Al-Maliki heeft zaterdag beloofd met de buurlanden van Irak samen te werken om terrorisme te bestrijden. Hij deed dat onder druk van de Verenigde Staten en Turkije, dat dreigt met een inval in Noord-Irak als er geen eind komt aan de PKK-aanvallen. „Irak mag geen basis zijn voor aanvallen op buurlanden”, zei hij. „Wij zullen met onze buren samenwerken om deze dreiging weg te nemen.”
Kort nadat Al-Maliki zijn belofte had gedaan sloten de Iraaks-Koerdische autoriteiten in Noord-Irak kantoren van de Koerdistan Partij voor een Democratische Oplossing in Irbil en Sulaimaniyah. Turkije beschouwt de partij als een dekmantel van de PKK.

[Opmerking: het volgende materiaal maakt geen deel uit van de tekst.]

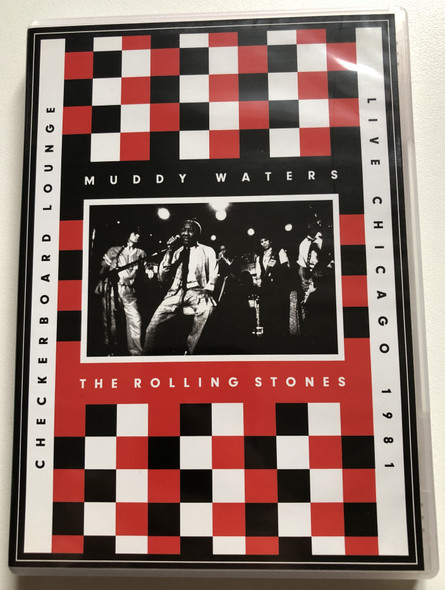 Checkerboard Lounge: Live Chicago 1981 - Muddy Waters & The Rolling Stones (5034504906990)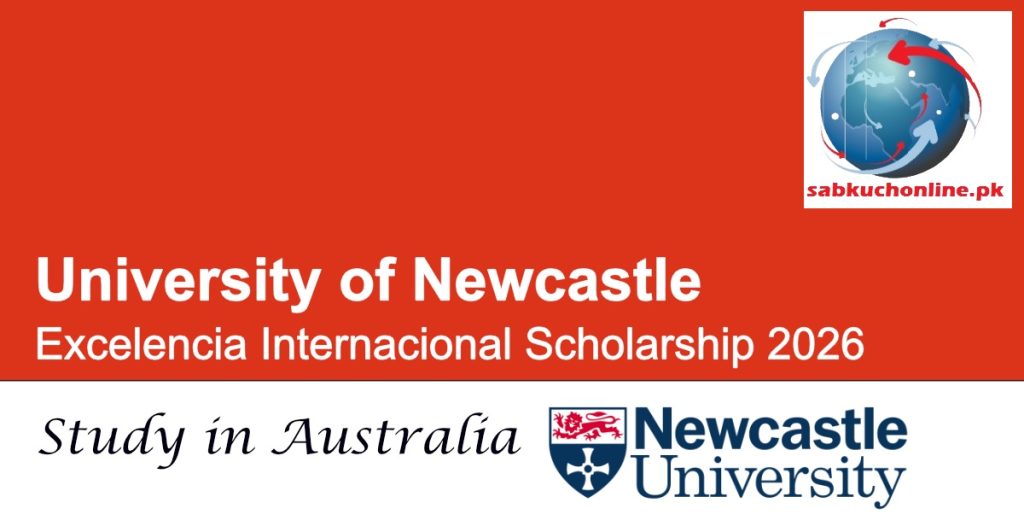 University of Newcastle Australia Excelencia Internacional Scholarship 2026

Iraakse regeringsfunctionarissen die in Istanbul waren voor een conferentie over Irak beloofden hun Turkse gastheren meer te zullen doen om PKK-rebellen in Irak op te sporen en te arresteren. Zij zijn daarbij echter afhankelijk van verdergaande medewerking van de Iraaks-Koerdische regering in Noord-Irak, die er door Turkije van wordt beschuldigd de PKK te steunen.
De Turkse minister van Buitenlandse Zaken, Ali Babacan, hield de mogelijkheid van een invasie open. Hij zei dat Turkije beschikt over diplomatieke, economische en militaire middelen om de PKK aan te pakken en dat voorlopig geen van de drie wordt uitgesloten. „Hoe, wanneer en of die middelen zullen worden gebruikt, is een kwestie van strategie”, zei hij.
De Turkse premier Recep Tayyip Erdogan vertrok na afloop van de conferentie naar Washington en zei dat de terreur van de PKK wederom het belangrijkste onderwerp zal zijn als hij dinsdag met de Amerikaanse president George Bush spreekt. Hij zei te verwachten dat zijn reis naar de VS zal resulteren in „solide stappen van de VS.”